Just so much violence in it..    We MAY see it this weekend... BUT for today.. we have opted to go see the Immitation Game..  That got better reviews anyway..  I'll post about it when we get back..


----------



## Jackie22 (Jan 1, 2015)

QS..I like to see the Oscar winning movies too, you should give us a review on the ones you've seen.....I have not see any as yet.....like how many stars you'd give it.


----------



## QuickSilver (Jan 2, 2015)

OK...  I have decided to go ahead and see this movie...  Maybe tonight..  It's rated PG13 so maybe it won't be too violent or gory..  I'll let you know

Next on my list.......SELMA..   It comes out next weekend.


----------



## kcvet (Jan 2, 2015)




----------



## QuickSilver (Jan 2, 2015)

We've just bought our tickets for tonight's show


----------



## QuickSilver (Jan 2, 2015)

OK......  I have to say I was surprised how much I enjoyed Unbroken..  It was a powerful film..   My husband really loved it... it's more of a "guys" film, and way to much violence for my liking... no  blood and guts... just lots of hitting and brutality.

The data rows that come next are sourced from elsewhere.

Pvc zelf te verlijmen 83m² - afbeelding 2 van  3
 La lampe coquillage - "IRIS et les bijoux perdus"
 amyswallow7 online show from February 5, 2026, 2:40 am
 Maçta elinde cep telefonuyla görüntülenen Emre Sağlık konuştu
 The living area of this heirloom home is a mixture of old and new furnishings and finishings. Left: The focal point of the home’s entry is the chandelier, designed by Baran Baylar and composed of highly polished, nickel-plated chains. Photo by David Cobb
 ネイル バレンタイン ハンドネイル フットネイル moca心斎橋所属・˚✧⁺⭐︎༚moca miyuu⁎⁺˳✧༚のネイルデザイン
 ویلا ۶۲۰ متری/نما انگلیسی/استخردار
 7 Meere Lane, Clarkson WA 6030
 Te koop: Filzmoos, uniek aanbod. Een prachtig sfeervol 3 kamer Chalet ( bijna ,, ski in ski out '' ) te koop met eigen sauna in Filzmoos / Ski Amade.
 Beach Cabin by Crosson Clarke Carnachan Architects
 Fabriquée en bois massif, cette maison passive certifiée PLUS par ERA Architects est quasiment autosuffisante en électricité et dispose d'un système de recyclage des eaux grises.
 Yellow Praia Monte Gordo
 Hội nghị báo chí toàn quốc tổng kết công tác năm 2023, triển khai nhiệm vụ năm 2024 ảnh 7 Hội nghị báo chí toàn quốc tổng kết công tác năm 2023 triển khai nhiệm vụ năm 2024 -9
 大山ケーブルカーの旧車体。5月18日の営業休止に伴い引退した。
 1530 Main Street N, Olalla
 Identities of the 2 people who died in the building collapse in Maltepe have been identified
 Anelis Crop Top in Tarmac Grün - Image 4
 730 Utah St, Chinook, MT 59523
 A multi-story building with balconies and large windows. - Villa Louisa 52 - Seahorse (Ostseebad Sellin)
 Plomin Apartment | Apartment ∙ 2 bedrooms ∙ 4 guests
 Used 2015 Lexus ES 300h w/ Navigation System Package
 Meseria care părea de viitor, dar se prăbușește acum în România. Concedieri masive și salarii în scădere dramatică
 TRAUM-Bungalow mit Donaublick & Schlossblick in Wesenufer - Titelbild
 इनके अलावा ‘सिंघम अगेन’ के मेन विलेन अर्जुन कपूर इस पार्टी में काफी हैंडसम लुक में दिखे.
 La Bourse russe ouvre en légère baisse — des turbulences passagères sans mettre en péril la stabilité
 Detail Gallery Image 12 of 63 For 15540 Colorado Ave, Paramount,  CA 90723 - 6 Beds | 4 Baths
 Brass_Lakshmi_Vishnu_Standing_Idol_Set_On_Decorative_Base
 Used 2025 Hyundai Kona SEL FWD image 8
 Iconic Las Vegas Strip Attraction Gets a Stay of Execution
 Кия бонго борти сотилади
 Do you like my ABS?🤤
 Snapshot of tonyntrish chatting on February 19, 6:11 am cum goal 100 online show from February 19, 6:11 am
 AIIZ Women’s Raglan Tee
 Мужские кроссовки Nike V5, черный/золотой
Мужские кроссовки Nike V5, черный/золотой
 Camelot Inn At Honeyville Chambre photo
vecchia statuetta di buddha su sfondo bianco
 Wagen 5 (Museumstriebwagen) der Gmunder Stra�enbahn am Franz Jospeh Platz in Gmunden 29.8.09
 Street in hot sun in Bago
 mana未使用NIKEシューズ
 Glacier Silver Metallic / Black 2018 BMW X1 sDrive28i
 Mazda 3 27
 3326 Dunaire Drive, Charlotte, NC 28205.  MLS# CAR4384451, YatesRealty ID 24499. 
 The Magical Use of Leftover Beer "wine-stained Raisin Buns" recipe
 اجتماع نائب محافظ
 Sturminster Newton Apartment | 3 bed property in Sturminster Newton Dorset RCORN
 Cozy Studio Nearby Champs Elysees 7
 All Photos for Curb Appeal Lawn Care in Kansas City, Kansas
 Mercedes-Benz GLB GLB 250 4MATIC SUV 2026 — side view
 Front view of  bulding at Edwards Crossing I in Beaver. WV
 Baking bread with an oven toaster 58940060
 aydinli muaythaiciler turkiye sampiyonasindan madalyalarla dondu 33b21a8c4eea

The story, however, was fascinating and held my interest throughout the entire 2+ hours..  So I'm going to have to give this one Four Silver Stars... I should give it FIVE... but again, the violence creeped me out a little..  However, I DO recommend you seeing it.  It's definately a great movie and should get it's share of Oscar nominations.


----------



## Jackie22 (Jan 4, 2015)

Thanks, QS, I'm thinking I'll go see this today....it is the only one on your list that is showing near me and that is 35 miles away....again, thanks for the reviews.


----------



## Jackie22 (Jan 10, 2015)

I finally got around to seeing this movie and I agree, the word for it is 'powerful'.
It certainly brings home the horrors the prisoner's of WW2 suffered at the hands of the Japanese....a very gripping story.

I highly recommend also.


----------



## Josiah (Jan 10, 2015)

I share your sensibilities QS, I think I'll skip this one.


----------



## AZ Jim (Jan 10, 2015)

I have no desire to support the intense violent movies anymore.  We live in a world that is more and more violent, I don't need more for entertainment.  Some say "well, it's real life, it's happening!"  My answer is so is defecating but I don't need to see it.


----------